Apple launched its revised iBook yesterday evening, an all-white machine starting at £1,099 (inc. VAT). It's thinner, lighter and cheaper than its predecessor.

iBook's coming out party was held at Apple's headquarters and hosted by CEO Steve Jobs.

Jobs said: "This is the first notebook designed expressly for teachers and students – nobody has ever set out to design a notebook for them." He also announced a major deal with a US education district – signalling the start of Apple's aggressive campaign to regain market share in the US education sector.

Education, education, education "The future of education is wirelessly networked notebooks," said Jobs.

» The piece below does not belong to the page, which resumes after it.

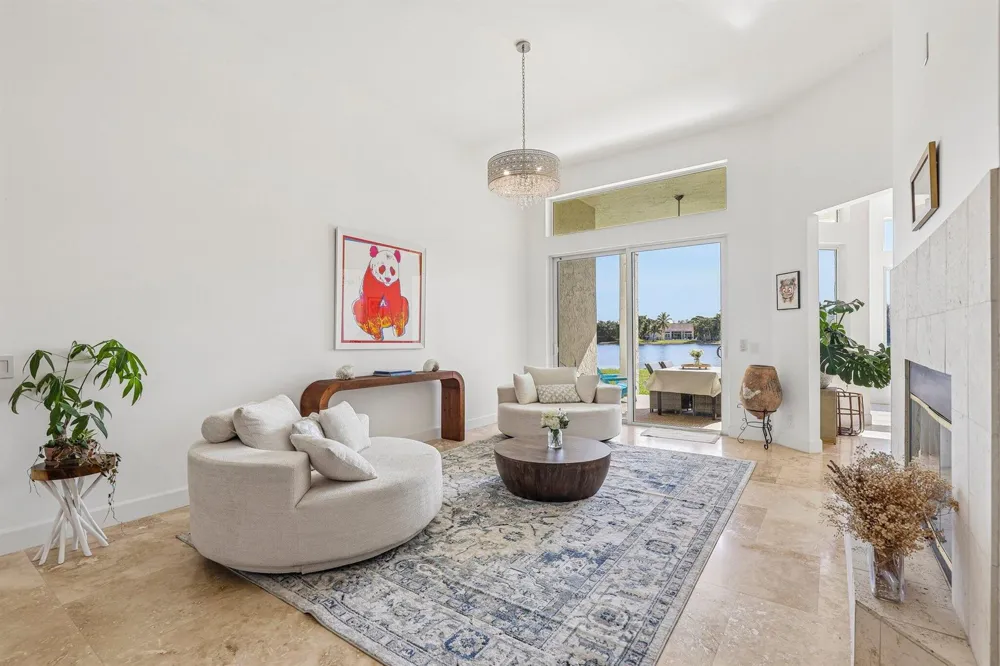 762 Heritage Drive Weston, FL 33326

Martin Reynolds, California-based research fellow with the Gartner Group, said: "This does look like a breakthrough. It's just like a portable iMac.

"Apple has found it tough persuading Windows users to switch to the Apple platform, but the company may succeed in getting some of its existing iMac users to treat themselves to an upgrade to the new iBook"

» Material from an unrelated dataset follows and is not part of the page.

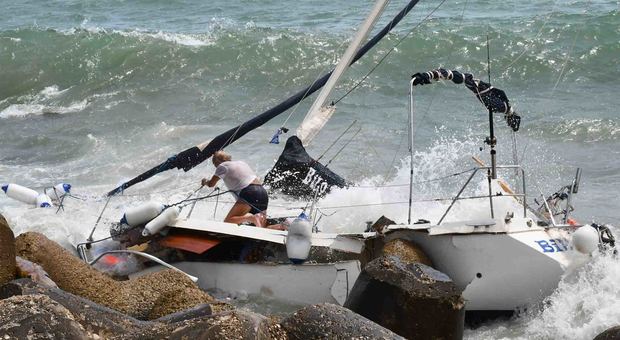 Il velista salvato dalla Guardia costiera a Fiumicino in balia delle onde e contro la scogliera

He added: "If your iMac is two years old, you might be willing to make the switch. It's really slick, and the price and feature set are what makes it so attractive."

Viable video The price difference between an iMac and an iBook has been reduced to within a couple of hundred dollars, Reynolds noted, "and video editing can now be done on a portable device", he added.

The new iBook is "twice as durable as the last one", Jobs said, noting that it has a magnesium frame and a polycarbonate plastic body. "This is the same stuff they make bullet-proof vests from," he quipped.

He said the iBook will become "the centre of your digital lifestyle", acting as a digital hub for editing and storing content from devices such as digital-video cameras and music players. The iBook will ship in mid-May.

OS X burning Jobs also announced an update (Version 10.0.2), which lets users burn their own CDs, to Mac OS X is available for download from Apple's Web site.

On the update Jobs said: "There are always bugs we need to fix and features we need to add. We've already shipped our first update. We said we'd have a second update – here it is."